Responses to the Coup d'etat in Honduras on Sunday June 28, with special emphasis on producing English-language versions of commentaries by Honduran scholars and editorial writers and addressing the confusion encouraged by lack of basic knowledge about Honduras.

Tuesday, June 30, 2009

Echoes of Voices from Honduras

Today finally I am receiving email from colleagues in the country, many sending on passionate statements by educated members of the younger generation decrying the return to conditions most never knew, having been born after the end of the last military government with the Constitution of 1982. It is important to underline that, contrary to some emerging reporting, support for President Zelaya is not limited to the poor and poorly educated in the country whose material conditions his action in raising the minimum wage did indeed improve. Zelaya is not Huey Long. Support for the legal government of the country and a return to rule of law, freedom of speech and press, freedom to assemble, and freedom to circulate comes as well from the most promising members of the future generation of leaders that Honduras can ill-afford to lose.

I cannot expect readers of this blog to read Spanish, and could not possibly reproduce the long statements I am receiving. Here, I will simply excerpt some of the highlights.

One of my Honduran correspondents sends a long commentary placing the present "military-corporate" coup in perspective. The author, a faculty member at a Colombian university, writes for the journal "Viento del Sur". He rejects the widely published summary of the causes of the coup d'etat, in which the Honduran state acted to reject unconstitutional attempts by the President to move to a Chavez-style permanent presidency. Instead, he notes that the coup was engineered by a coalition of business interests opposed to the economic effects of President Zelaya's policies. He traces the coalition between the military and the business interests to the foundation in 1981 of APROH (Asociación para el Progreso de Honduras). This was precisely the moment when the present constitution was being shaped, when the transition from dictatorship to electoral republic was underway, and according to this author, it forged an alliance between the military and the two major parties that persisted until now.

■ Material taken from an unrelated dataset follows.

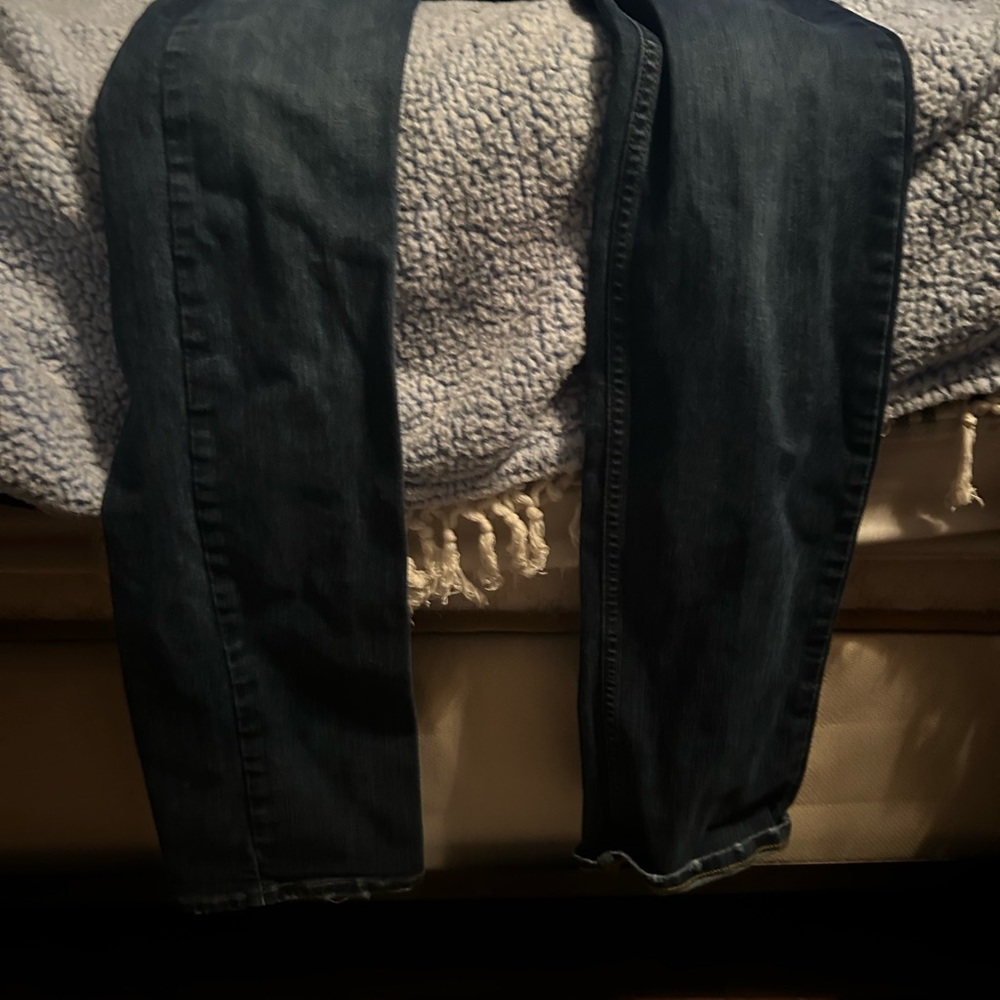 Kimes Sarah Women’s jeans 2x34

He characterizes this period as a time of conversion of the military into a bourgeoisie.

Throughout the next decade, Honduras saw a rise in the development of maquilas-- sweatshops-- benefiting financially the business sector of the country by exploiting the desperation of the unemployed, for whom even these poorly-paid jobs were welcome ways to meet the rising costs of living. Meanwhile, agricultural production continued to be converted from support of the food needs of the people to production for export, creating increased dependency on even poorly-paid employment on the part of what once had been a largely rural, farming population. The author suggests 90% of the wealth of the country is concentrated in the hands of a few families. (These changes I have witnessed personally, along with a shocking increase in differential wealth that has created an urban elite with access to all the latest North American consumer goods in the midst of a populace living without basic sanitation, food, and adequate shelter.) Over a million Hondurans live outside the country, and the money they send back home is now one of the major sources of income in the country.

Popular movements declined throughout the 1980s and 1990s, although the author notes the success of the afro-caribbean Garifuna on the North Coast and a coalition of indigenous groups, COPINH, in actions against economic exploitation threatening their communities.

The author summarizes the transition of Manuel Zelaya, elected as a Liberal party member with links to the business powers in the country, to the positions that led to the current confrontation. He singles out a confrontation with the US in 2007 over the effective monopoly of oil imports by Exxon, Texaco, and Shell, opening the way for Conoco Phillips to compete and lowering the cost of gasoline, as a key turning point in Zelaya's Presidency. The actions taken benefitted the working class of taxi drivers in the country, positioning Zelaya with a different constituency.

It was at this juncture, threatened with reprisals by the US ambassador, that Zelaya turned to Petrocaribe, and thus to Hugo Chávez, to ensure a stable source of affordable gasoline for which Honduras needed only to pay 50% at first, and the rest over 25 years with low interest (1%) and with the ability to invest the saved capital in social projects. By 2008, Zelaya proposed Honduras join ALBA, a move fiercely opposed by the business sector and members of congress including the current head of congress who claimed the title of "interim president".

The third move that cemented business opposition to Zelaya was his increase in the minimum wage this year, to just about $10 a day.

Finally, with the proposal to poll popular opinion about whether to open a constitutional convention, Zelaya finally crossed the threshold of tolerance of his former allies in his party and wealthy class. Rather than being afraid this non-binding poll would have somehow allowed Zelaya to stay in power, this author suggests the real fear behind the coup was the specter of a broader public emboldened by being given an opportunity to express their opinion-- even if on such a weak question as whether or not to place on the binding ballot in November a question about whether or not to convene a constitutional convention. Giving a voice to the people was apparently too much, too fast, too soon, too far.